Note: In real-world production scenarios, you would likely not provision the model serving instance from the same pipeline, as you would need it to be permanent rather than ephemeral.

After everything is provisioned, we will install required dependencies, train, test, and deploy our model, executed on your newly provisioned CircleCI runner. These jobs are thoroughly covered in the CI/CD for ML blog post series, so we will be merely glancing at them here.

Finally, the resources are cleaned up, and the newly created CircleCI runner is removed so the pipeline can run again.

Walkthrough and project setup

We recommend you fork the sample repository and continue from there.

Once you have a project’s fork in your GitHub repository, you can set it up on CircleCI as a new project.

This guide will show you how to get started, and then walk you through various files that comprise the pipeline.

Preparing environment variables

We need a number of secrets and environment variables set up before the pipeline can be run. The secrets are split logically into four contexts.

First, create a new CircleCI API key and store it in a CircleCI context named circleci-api as CIRCLECI_CLI_TOKEN. This is used to provision new runners from within the pipeline.

Next, create a new Pulumi access token and store it in a context named pulumi as PULUMI_ACCESS_TOKEN.

Next, create a Scaleway access key. You will generate two values: access key ID and secret key.

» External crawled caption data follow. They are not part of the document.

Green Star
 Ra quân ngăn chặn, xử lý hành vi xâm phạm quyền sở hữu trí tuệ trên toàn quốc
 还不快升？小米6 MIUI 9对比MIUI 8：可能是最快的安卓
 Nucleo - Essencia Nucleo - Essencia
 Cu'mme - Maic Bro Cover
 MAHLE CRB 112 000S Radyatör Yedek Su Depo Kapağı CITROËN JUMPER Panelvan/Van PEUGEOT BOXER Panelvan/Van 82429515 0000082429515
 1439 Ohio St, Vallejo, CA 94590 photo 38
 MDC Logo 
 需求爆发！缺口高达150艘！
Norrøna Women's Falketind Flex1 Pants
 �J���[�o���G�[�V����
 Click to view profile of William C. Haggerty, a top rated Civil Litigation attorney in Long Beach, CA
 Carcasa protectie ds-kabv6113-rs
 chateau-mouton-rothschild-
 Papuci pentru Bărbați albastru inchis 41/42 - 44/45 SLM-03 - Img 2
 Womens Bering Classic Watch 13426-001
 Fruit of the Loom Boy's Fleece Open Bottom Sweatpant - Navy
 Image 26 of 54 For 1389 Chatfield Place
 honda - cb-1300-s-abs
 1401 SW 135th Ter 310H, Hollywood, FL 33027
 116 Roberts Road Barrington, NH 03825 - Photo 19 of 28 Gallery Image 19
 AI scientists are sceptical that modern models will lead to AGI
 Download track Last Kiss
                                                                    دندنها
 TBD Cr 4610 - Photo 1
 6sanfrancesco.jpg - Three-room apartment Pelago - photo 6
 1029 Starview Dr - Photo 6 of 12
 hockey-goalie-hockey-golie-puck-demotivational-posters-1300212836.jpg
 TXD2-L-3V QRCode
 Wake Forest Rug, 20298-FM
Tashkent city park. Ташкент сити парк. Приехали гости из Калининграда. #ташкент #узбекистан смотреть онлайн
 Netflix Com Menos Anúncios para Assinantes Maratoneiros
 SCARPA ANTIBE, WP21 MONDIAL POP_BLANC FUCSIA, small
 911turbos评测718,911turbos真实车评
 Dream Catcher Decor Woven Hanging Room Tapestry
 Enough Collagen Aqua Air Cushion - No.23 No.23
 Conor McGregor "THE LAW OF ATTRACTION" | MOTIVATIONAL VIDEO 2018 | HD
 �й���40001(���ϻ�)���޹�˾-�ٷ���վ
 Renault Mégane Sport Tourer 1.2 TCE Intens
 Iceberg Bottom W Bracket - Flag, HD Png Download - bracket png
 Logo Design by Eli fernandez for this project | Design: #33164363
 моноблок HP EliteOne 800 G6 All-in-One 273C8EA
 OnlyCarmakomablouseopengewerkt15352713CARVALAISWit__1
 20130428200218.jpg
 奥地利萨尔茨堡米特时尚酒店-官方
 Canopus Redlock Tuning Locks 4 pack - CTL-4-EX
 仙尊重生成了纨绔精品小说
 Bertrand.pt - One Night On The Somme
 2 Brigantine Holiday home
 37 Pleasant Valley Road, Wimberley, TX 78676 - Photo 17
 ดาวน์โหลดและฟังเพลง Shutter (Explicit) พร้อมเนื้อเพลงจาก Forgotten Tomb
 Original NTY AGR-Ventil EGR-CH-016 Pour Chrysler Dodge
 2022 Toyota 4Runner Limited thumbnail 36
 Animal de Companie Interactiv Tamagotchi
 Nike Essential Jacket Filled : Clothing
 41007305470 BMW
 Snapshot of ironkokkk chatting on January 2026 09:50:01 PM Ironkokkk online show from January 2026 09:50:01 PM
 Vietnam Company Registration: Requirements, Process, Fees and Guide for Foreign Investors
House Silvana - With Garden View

Create a scaleway context and store them into SCW_ACCESS_KEY and SCW_SECRET_KEY, respectively.

Finally, create a context ml-scaleway-demo and populate it with three environment variables:

  1. DEPLOY_SERVER_USERNAME (we use demo)
  2. DEPLOY_SERVER_PASSWORD (we use demodemo)
  3. DEPLOY_SERVER_PATH as /var/models

Pulumi project and stack setup

Pulumi is the tool that will help us provision infrastructure. It offers an SDK-based approach to infrastructure provisioning for many different programming languages. This allows us to use Python, like in the rest of the AI/ML scripts.

In Pulumi you will need to create a new project and stack. Stack corresponds to individual applications in a Pulumi project. Our project is located in the org zmarkan-demos, and is named cci-ml-runner. It contains one stack, cci-runner-linux.

Files for Pulumi are located in pulumi, and you might want to modify them with your preferred project and stack names, as well as your Scaleway configuration.

Scaleway project setup

In Scaleway we also created a new project named cci-ml-runner. Go to Project Settings, copy the Project ID (it should be in the UUID format) and paste it in the file pulumi/Pulumi.cci-runner-linux.yaml where you see scaleway:project_id: Leave the rest of the file unchanged — we need this specific region and zone combination to use the GPU resources.

config:
 scaleway:project_id: YOUR_PROJECT_ID_UUID
 scaleway:region: fr-par
 scaleway:zone: fr-par-2

To use Scaleway instances from the local command line, you might also want to pass in your SSH key. Without it you won’t be able to SSH into any of the instances to debug or inspect them.

Setting up the CircleCI pipeline

In our pipeline we have one workflow of interest: build-deploy. It has 12 jobs, from provisioning the runner and infrastructure to the end.

Let’s looks at the first job: provision_runner

Provision Runner

This job does most of the heavy lifting for provisioning cloud infrastructure and configuring the runner. It does it all in an automated way so that instances are truly ephemeral and consume only the resources required for the rest of the AI/ML work.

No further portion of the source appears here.